Strict Resource Accounting and Reserved Core Overheads
Starting with Ray 2.52.0, system processes reserve a larger portion of CPU capacity for internal orchestration by default. If a cluster head node pod is deployed with a strict Kubernetes specification of 1 CPU, and Ray reserves a fraction of that core for system overhead, the available capacity drops below 1 full core. If an incoming model actor subsequently demands num_cpus: 1, the GCS autoscaler determines that no single pod type contains a large enough resource block to fulfill the request, spawning constant logging spam.
Per-Node Resource Pool Isolation
Ray actors must fit entirely within the bounds of a single node shape; they cannot pool fractional allocations distributed across multiple separate worker pods.
Resolution
Follow the steps below to systematically clear vulnerability flags and align infrastructure allocations.
Step 1: Remediate Base Vulnerabilities via BYOM Rebuilds
Update your model requirements file (requirements.txt) to replace older packages with ray[serve]==2.52.0 or higher. Rebuild and push the custom Docker container image.
ray[serve]==2.52.0This updates the internal runtime environment, resolves CVE-2025-62593, and introduces the necessary authentication infrastructure to mitigate CVE-2023-48022.
Step 2: Align Resource Commands inside the RayCluster Custom Resource
Modify your RayCluster deployment manifest to ensure that the core parameters are explicitly specified, preventing the scheduling engine from falling back to zero-allocation defaults.
kubectl edit raycluster <ray-cluster-name> -n <fusion-namespace>Update the configuration fields under the head pod definition to match the resource shapes expected by your workloads:
spec:
headGroupSpec:
rayStartParams:
num-cpus: "4"
memory: "8589934592"
workerGroupSpecs:
- replicas: 2
minReplicas: 2
maxReplicas: 4
rayStartParams:
num-cpus: "4"
memory: "8589934592"Ensure that the environmental template variable KUBERAY_GEN_RAY_START_CMD is configured so that worker params are generated uniformly alongside the head.
Step 3: Handle or Filter Autoscaler Logging Noise
If the resource allocations are balanced across all layers (Kubernetes pod limits, RayCluster parameters, and your model job configurations) but the autoscaler warnings continue to trigger during scale-up phases, this is benign logging noise caused by upstream orchestration delays (Ray community issue #59151).

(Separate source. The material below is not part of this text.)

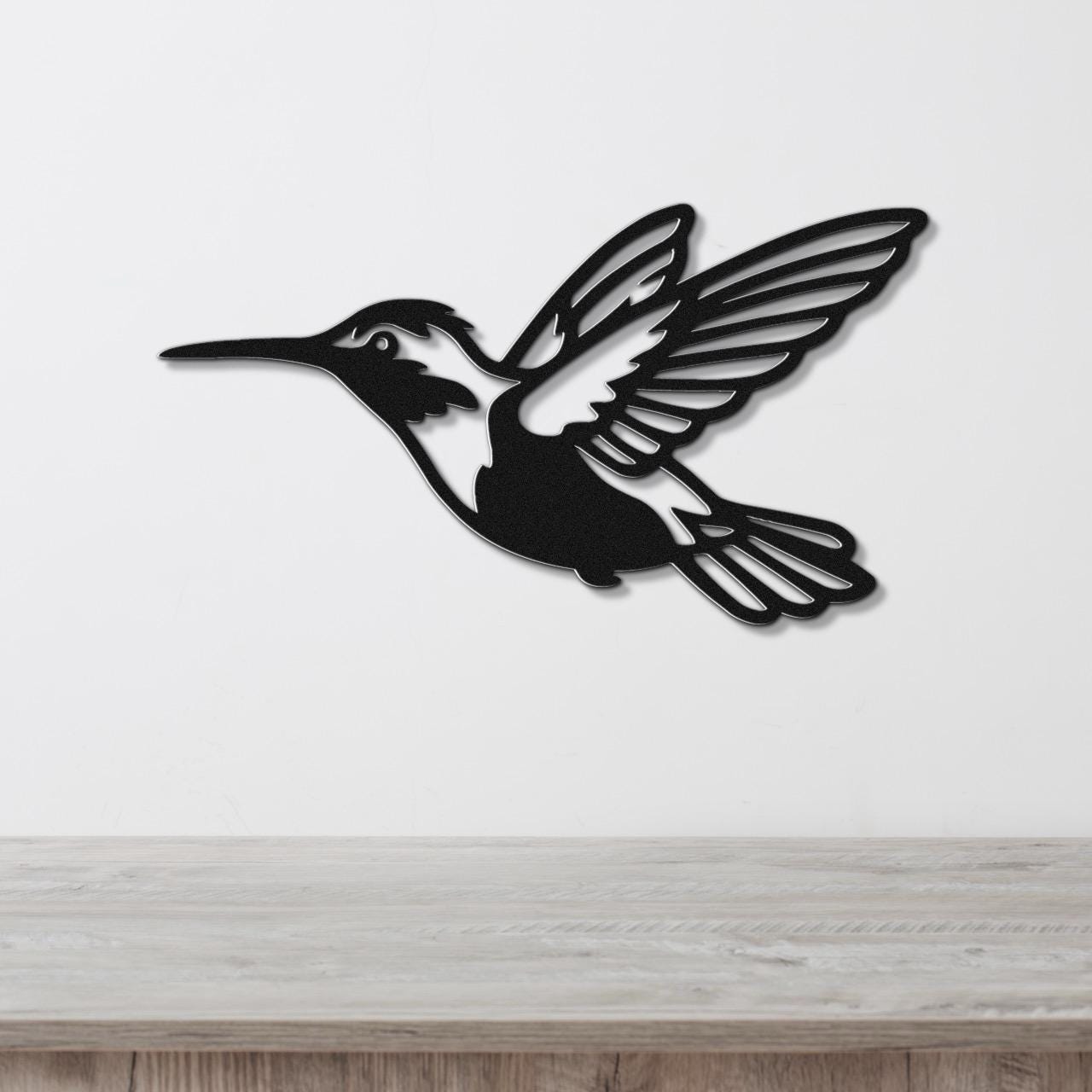 Black metal hummingbird wall art with cutout wings and tail, mounted on a white wall above a light wood counter.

Use one of the two strategies below to manage the alerts:
Option A: Inject the Fast-Exit Configuration Flag
To force Ray to fast-fail or cleanly evaluate resource limitations instead of maintaining active task queues during autoscaling shifts, add the following property within your cluster configuration map environment scope:
env:
- name: RAY_enable_infeasible_task_early_exit
value: "true"Note that in highly dynamic environments that scale to zero replicas, this can occasionally cause short-term request errors during fresh pod scheduling windows rather than letting the tasks wait.
Option B: Establish Log Ingestion Filters
Since the warnings do not cause runtime task degradation, model serving timeouts, or pod crashes when physical hardware limits are sufficient, configure your logging ingestion patterns (e.g., Fluentd, Logstash, Datadog) to drop strings originating from gcs_autoscaler_state_manager.cc that match the infeasible request criteria.